Without the pictures, reproduce the entries below exactly.

__Crawled caption data__
"""

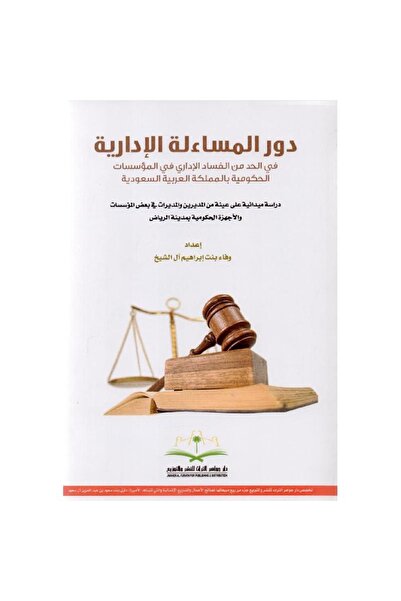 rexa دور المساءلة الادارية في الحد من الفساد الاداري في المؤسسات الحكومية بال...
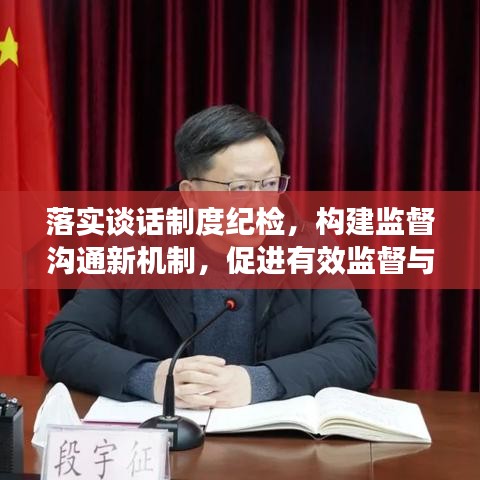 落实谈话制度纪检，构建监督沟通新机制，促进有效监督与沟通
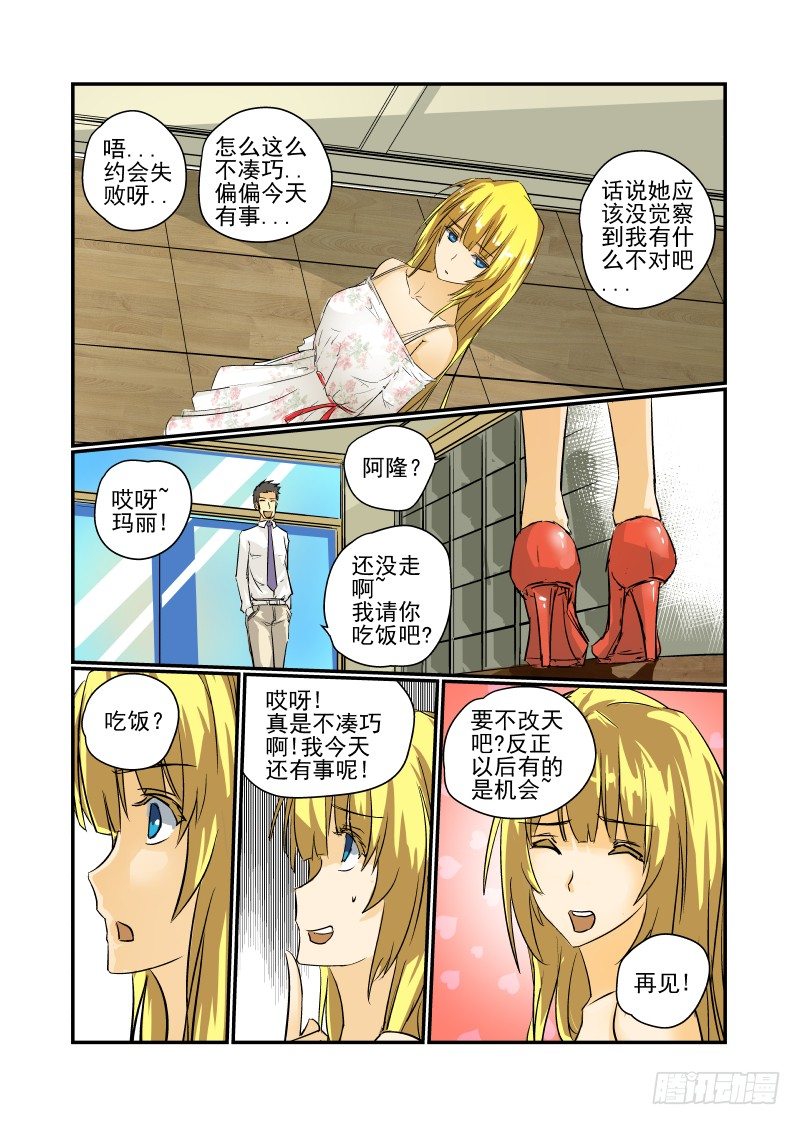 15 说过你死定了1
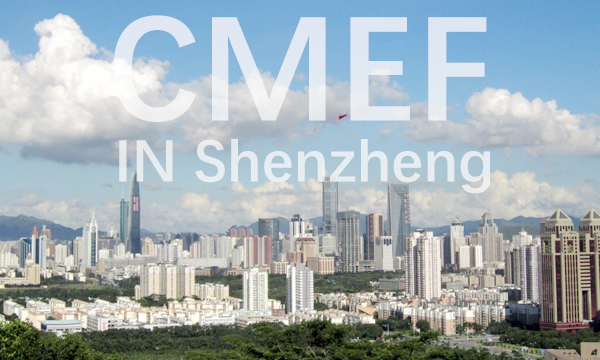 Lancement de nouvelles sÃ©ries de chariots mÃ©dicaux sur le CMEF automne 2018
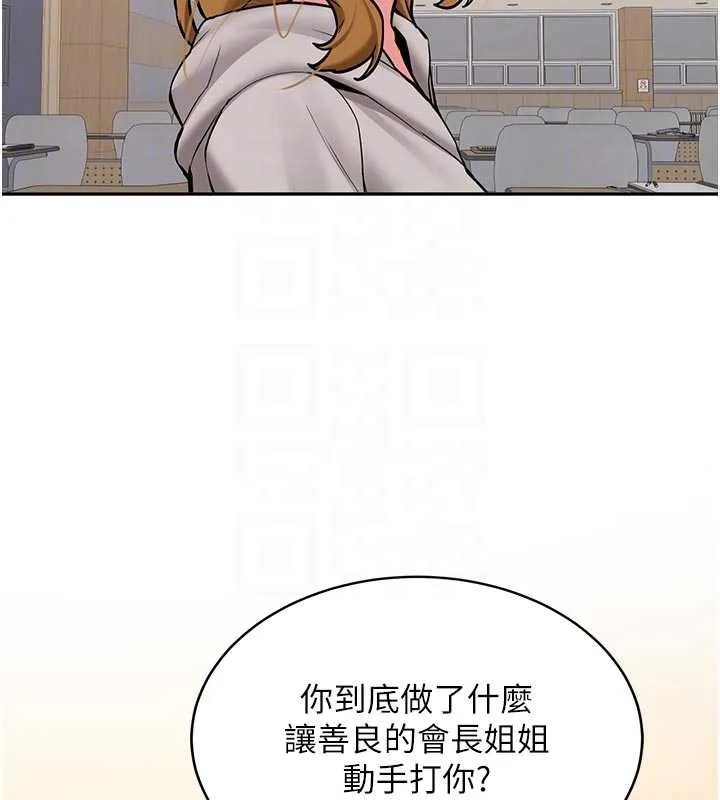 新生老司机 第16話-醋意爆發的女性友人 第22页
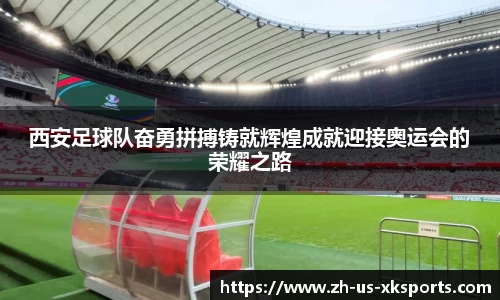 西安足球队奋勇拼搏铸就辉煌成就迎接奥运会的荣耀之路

"""

__ANSWER SECTION__
 rexa دور المساءلة الادارية في الحد من الفساد الاداري في المؤسسات الحكومية بال...
 落实谈话制度纪检，构建监督沟通新机制，促进有效监督与沟通
 15 说过你死定了1
 Lancement de nouvelles sÃ©ries de chariots mÃ©dicaux sur le CMEF automne 2018
 新生老司机 第16話-醋意爆發的女性友人 第22页
 西安足球队奋勇拼搏铸就辉煌成就迎接奥运会的荣耀之路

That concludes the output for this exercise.